Each record here should be printed again exactly; please leave its pictures out.

---

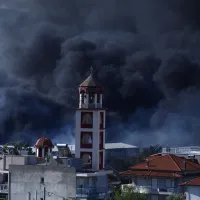 Καπνός από τη φωτιά στο Ωραιόκαστρο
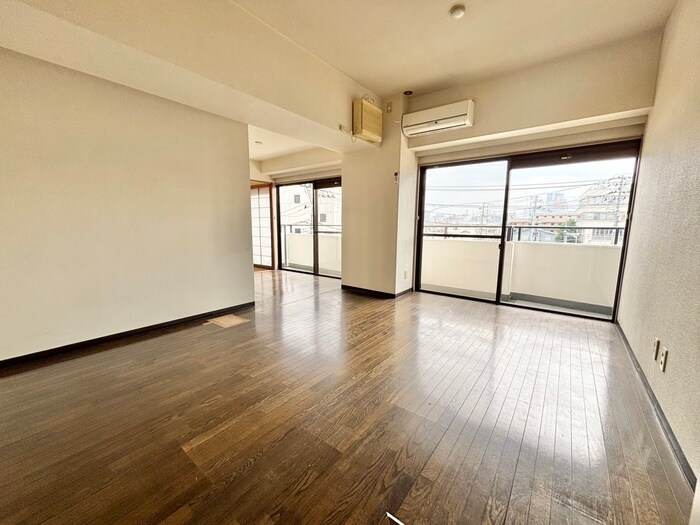 物件内観写真7　(居室)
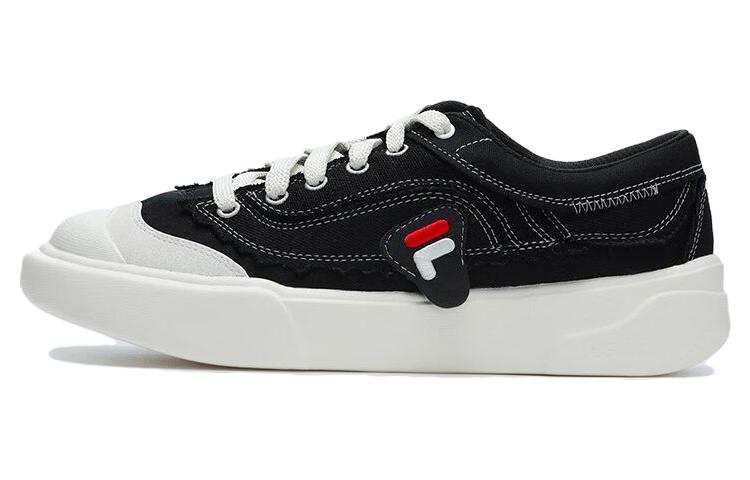 FILA FUSION CURVE Low top Canvas Shoes Women's Black White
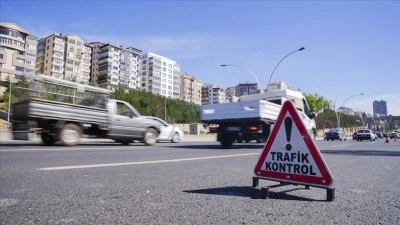 İstanbul'da 3 il&ccedil;ede bazı yollar trafiğe kapatılacak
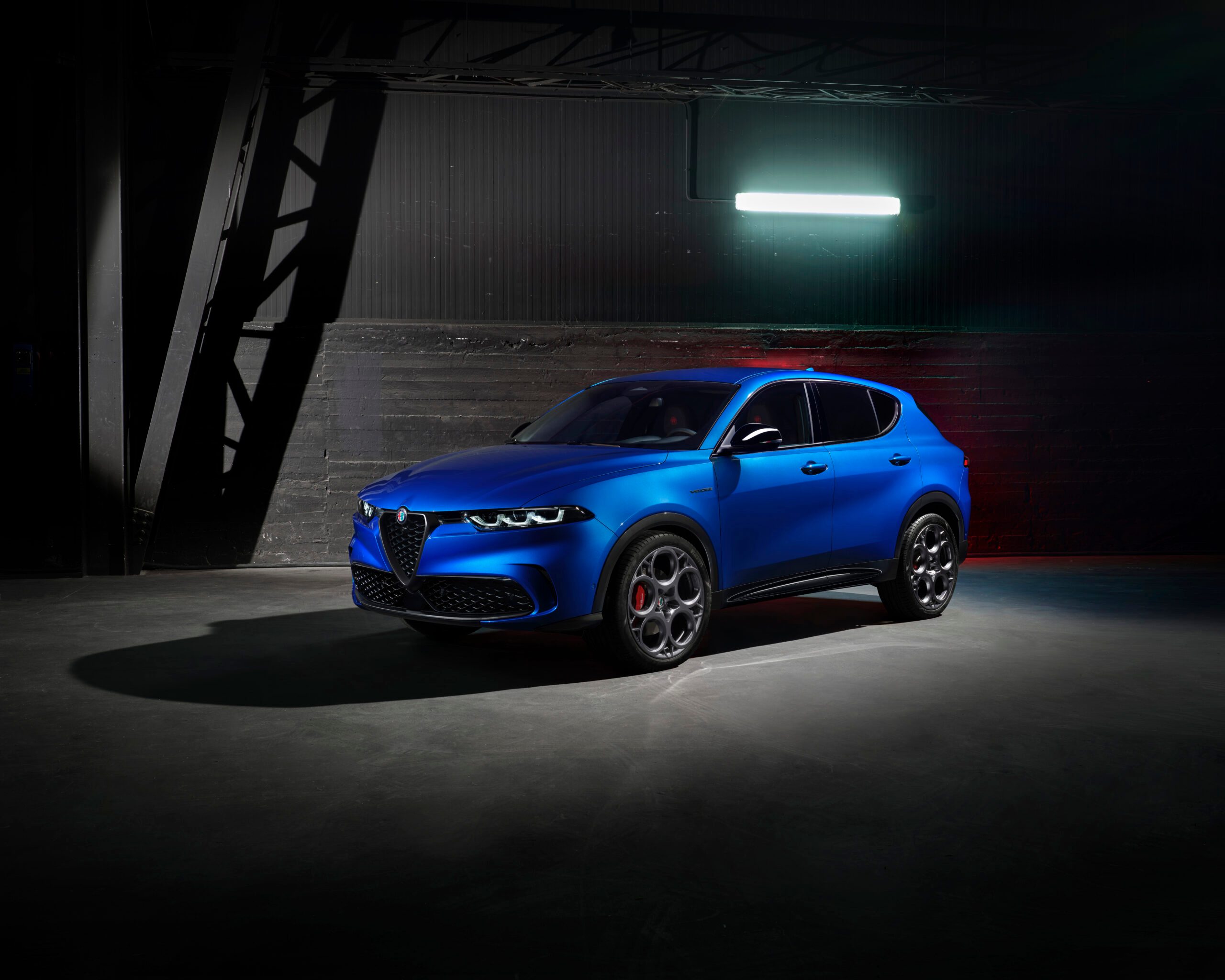 Alfa Romeo Tonale front three quarter view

---

* ANSWER BOX *
 Καπνός από τη φωτιά στο Ωραιόκαστρο
 物件内観写真7　(居室)
 FILA FUSION CURVE Low top Canvas Shoes Women's Black White
 İstanbul'da 3 il&ccedil;ede bazı yollar trafiğe kapatılacak
 Alfa Romeo Tonale front three quarter view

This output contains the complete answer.